Dei tanti suoi scritti di carattere più propriamente politico (molti su <<Mondo Operaio, le rivista di cui a lungo orientò il lavoro) non possono non ricordarsi qui almeno quelli in cui, valutando l’apporto del pensiero gramsciano all’inquadramento teorico e storico della <<questione meridionale>>, ne tracciò le vicende attraverso la storia delle sinistre, che <<tanto hanno dato (dalla prospettiva dell’operaismo come da quella di una raffinata intellettualità) alla vita civile e politica>> della nostra comunità cittadina.

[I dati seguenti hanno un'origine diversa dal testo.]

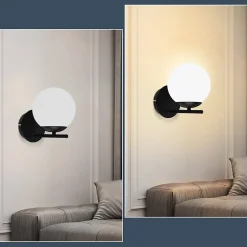 ZMH Applique E27 IP20 Métal Design Moderne pour couloir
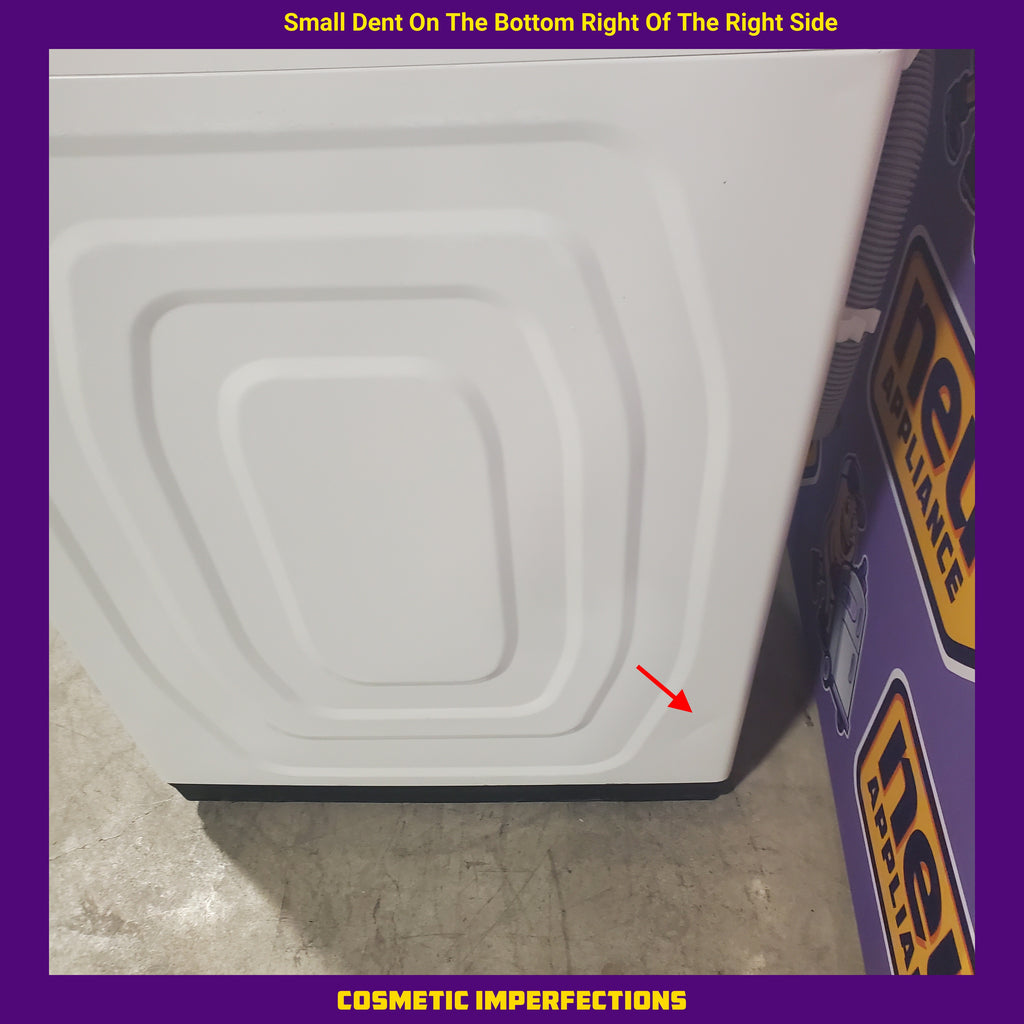 Pictures of Samsung White Top Load 5.4 Cu. Ft. Washer with Active Water Jet WA54R7200AW - Certified Refurbished and Samsung White Electric 7.4 Cu. Ft. Dryer with Sensor Dry DVE50R5200W - Scratch and Dent (Minor) - Neu Appliance Outlet - Discount Appliance Outlet in Austin, Tx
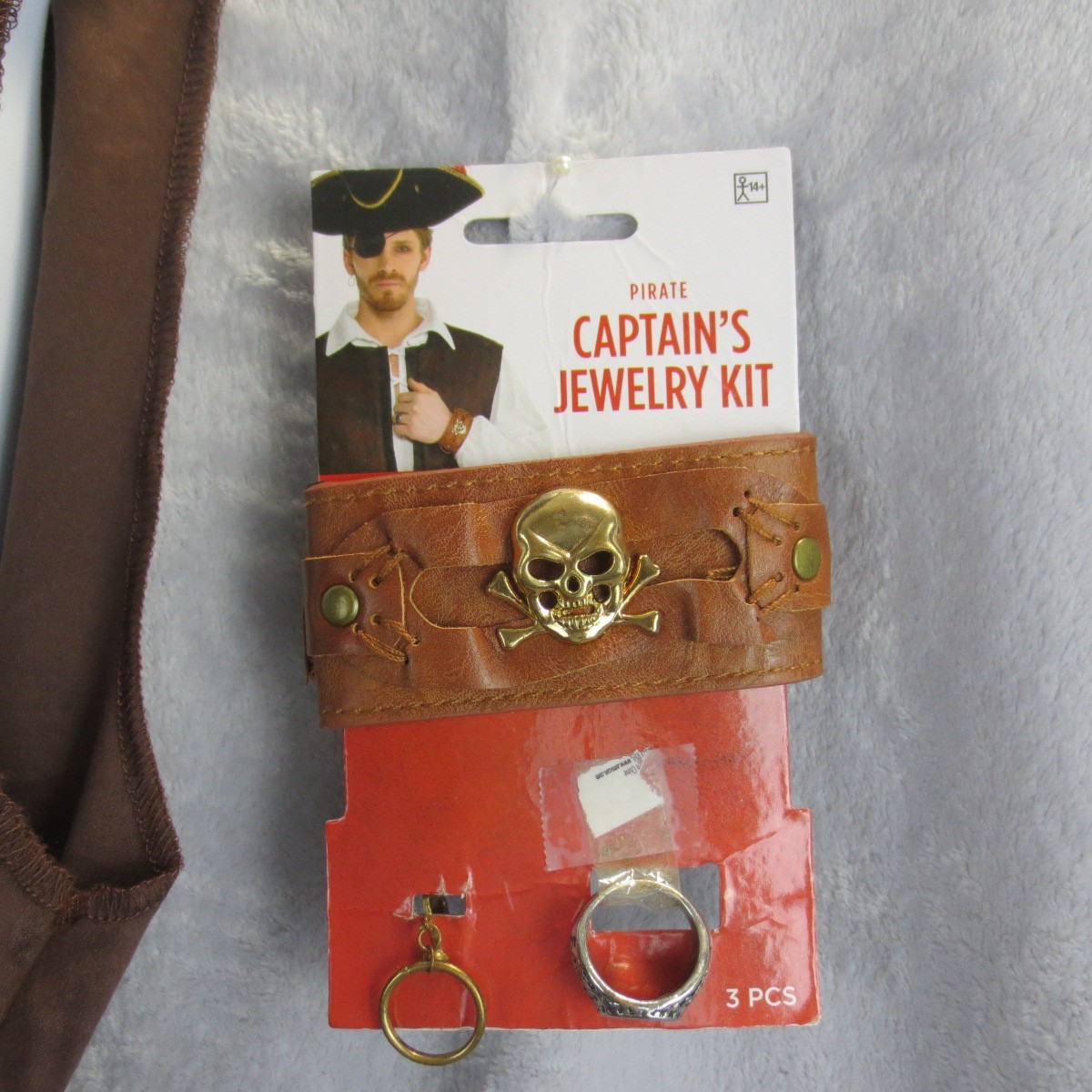 Pirates Caribbean Adult Long Vest Pants Belt & Jewelry up to sz 42 Costume 6 Pcs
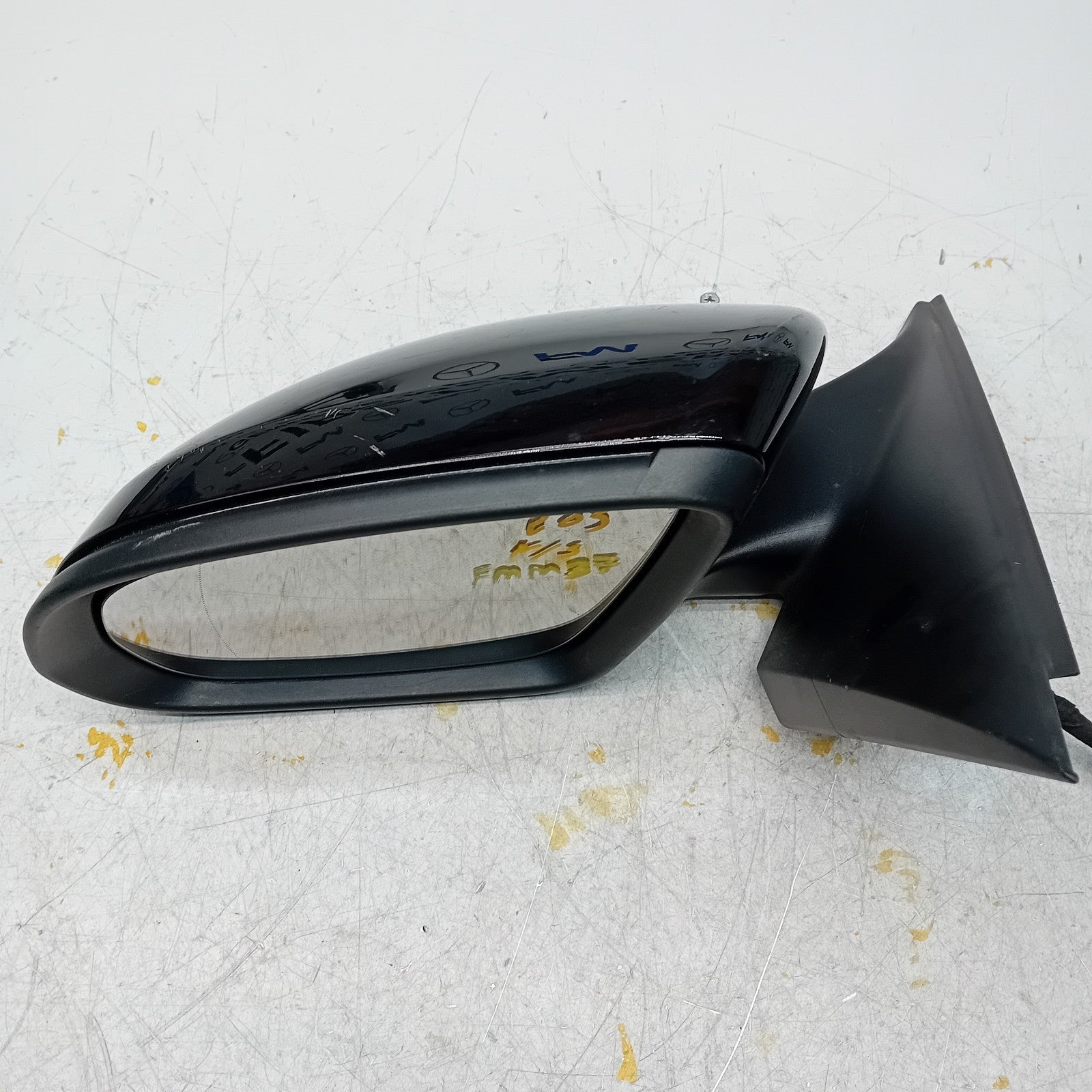 MERCEDES C-CLASS  W205 PASSENGER SIDE WING MIRROR A2058104702 BLACK PL FMM37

Allievo nella nostra Università di due grandi romanisti, il socialista Siro Solazzi e il liberale Vincenzo Arangio-Ruiz, ai quali si ricongiunge oggi nello <<stradario di Napoli>> (nel quale spero possa essere presto affiancato da due altri grandi giuristi, più o meno della sua generazione, che hanno anch’essi illustrato la nostra città, Antonio Guarino e Guido Capozzi), De Martino con il suo insegnamento e le sue ricerche scientifiche, ispirate al marxismo ma immuni dalle rigidità e dagli schematismi perversi presenti nelle opere di tanti <<intellettuali di sinistra>> conformisti, ha formato generazioni di giuristi e, in particolare di storici del diritto romano, alcuni dei quali (egli scrisse) <<si sono affermati come studiosi di alto valore e originalità e docenti>>.

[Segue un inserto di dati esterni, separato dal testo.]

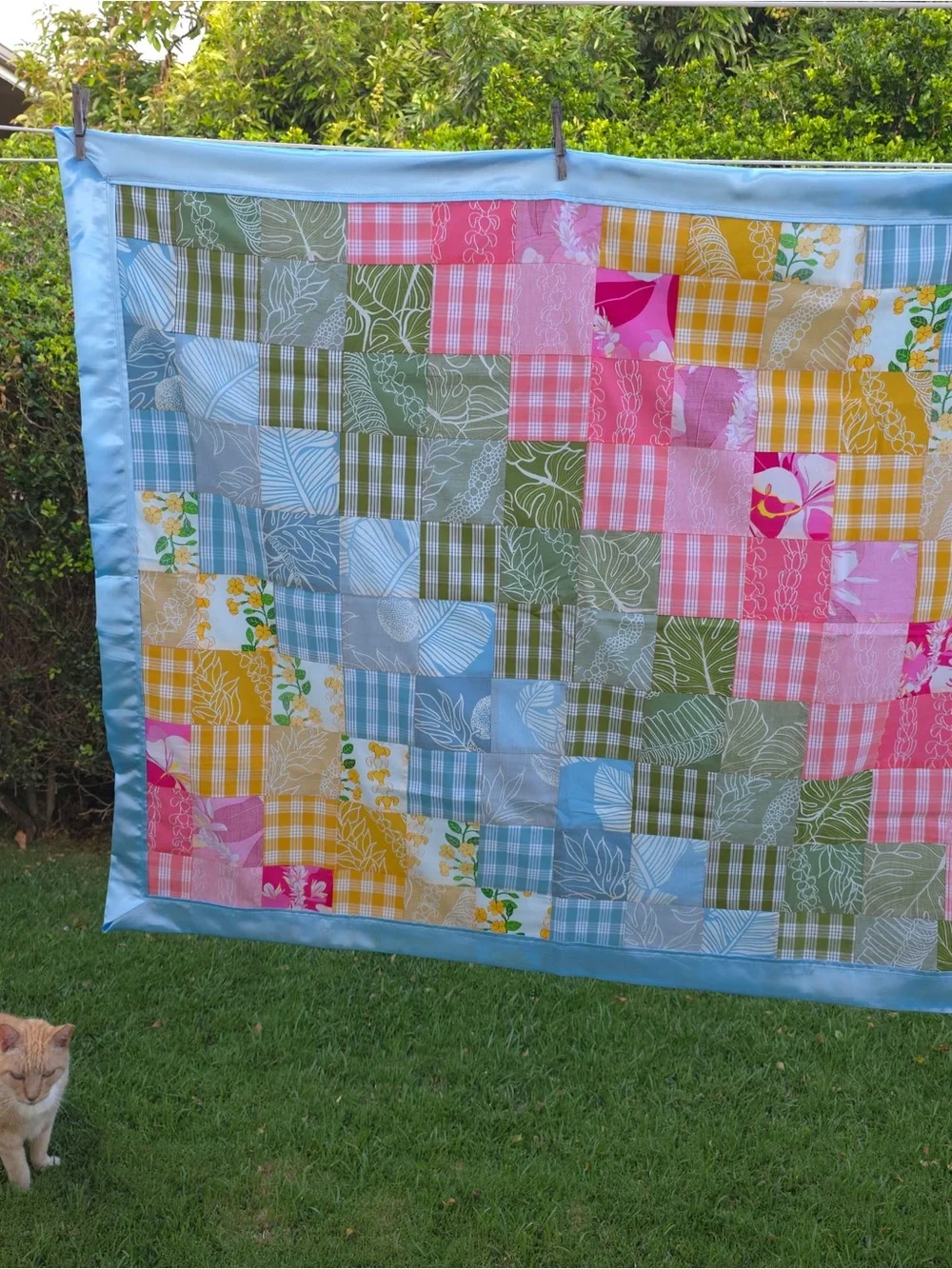 Handmade patch work quilt blanket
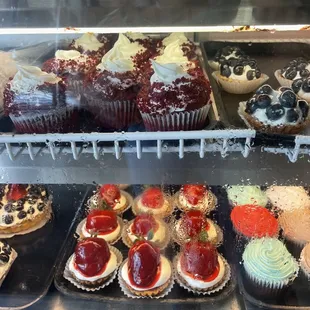 a variety of pastries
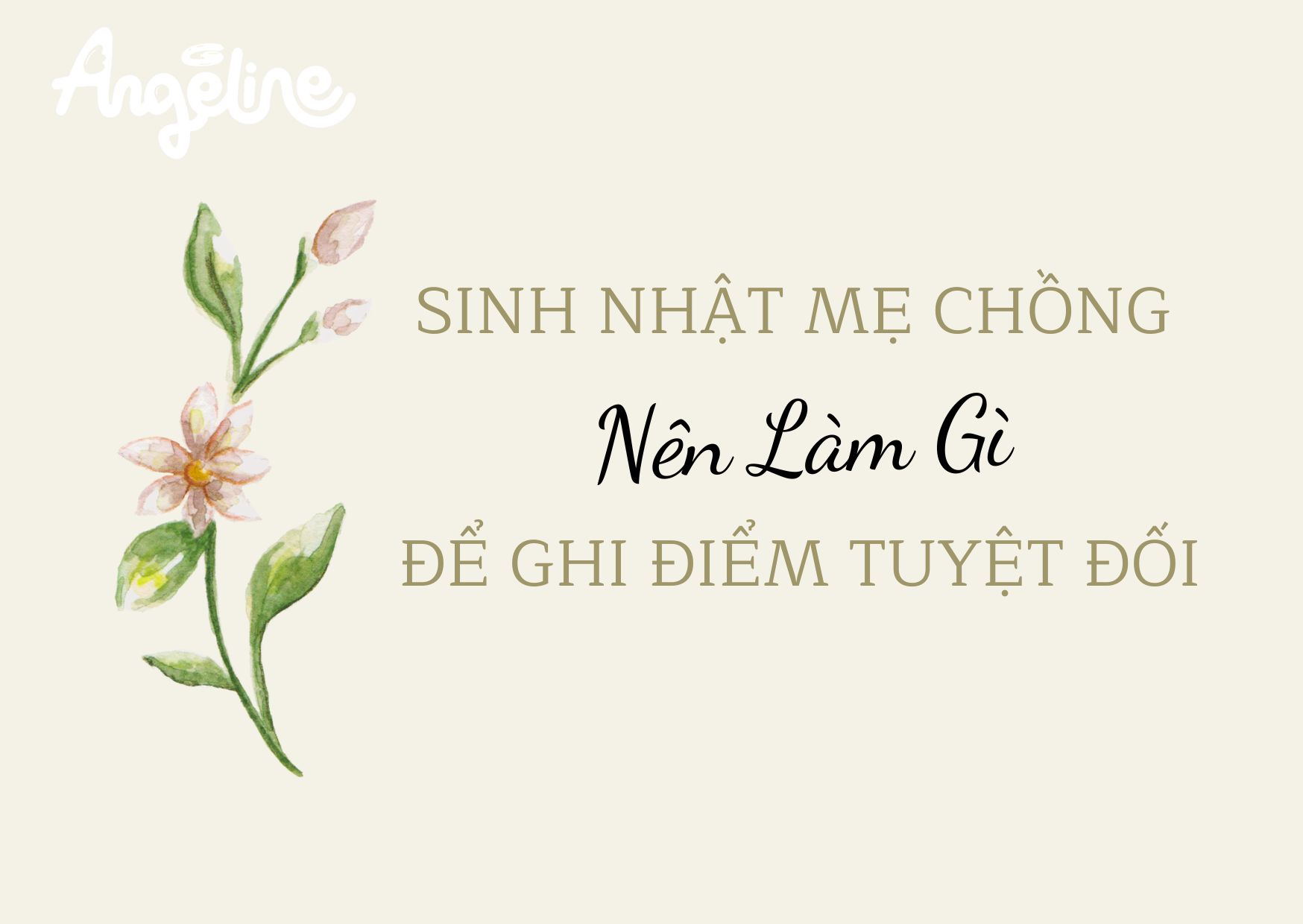 Sinh Nhật Mẹ Chồng Nên Làm Gì Để Ghi Điểm Tuyệt Đối?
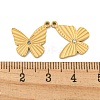 Ion Plating(IP) 304 Stainless Steel Pendants STAS-S135-09G-3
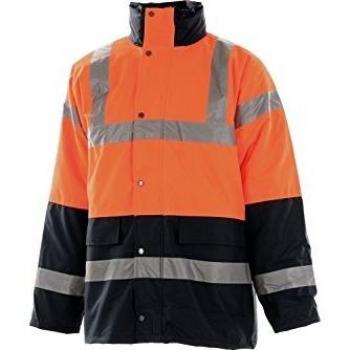 Portwest Hi-Vis Two Tone Traffic Jacket, Size: M, Colour: Orange, S467ORRM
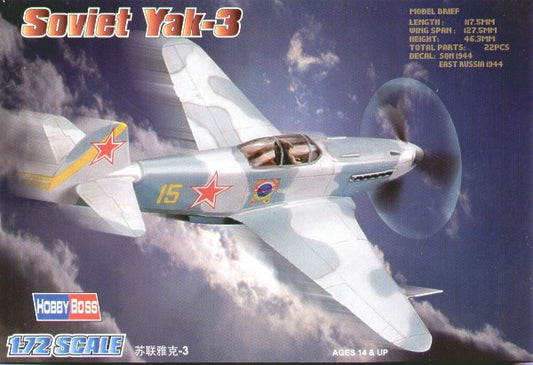 Hobby Boss 80255 1:72 Yakovlev Yak-3 'Easy Build'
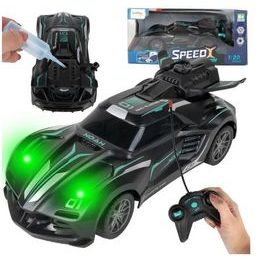 Autíčko na dálkové ovládání s kouřovým efektem Speed X 1:20 černé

Il primo fra questi, Franco Casavola, presidente emerito della Corte Costituzionale, intervenendo stamane alla cerimonia ne traccerà brevemente il profilo ad uso soprattutto dei giovani che non hanno avuto la ventura di conoscerlo in questo inizio di secolo <<che si annuncia – mi scrisse nel 2001 – in modo tragico e in modo imprevedibile travolge non solo la pace, ma anche regole morali e giuridiche, alcune delle quali risalgono all’antichità…>>. Aggiungendo l’auspicio che i giuristi riuscissero con il loro lavoro a garantire <<i valori della tradizione, che hanno concorso a rendere più alto il livello della civiltà, ed insieme a creare un ordine più stabile e i mezzi tecnici adeguati ai bisogni della nuova economia>>, il professor De Martino concludeva: <<accogliete, vi prego, come un augurio, l’espressione profonda di sentimenti di un vecchio studioso, che non ha perso la fiducia nella ragione umana contro l’irrazionale, la violenza e il fanatismo>>.
<<A me – spesso diceva – il futuro interessa molto più del passato. Quello che più mi addolora della vecchiaia è che non potrò mai sapere come andrà a finire…>>. Forse, Professore, per noi vecchi, è meglio così.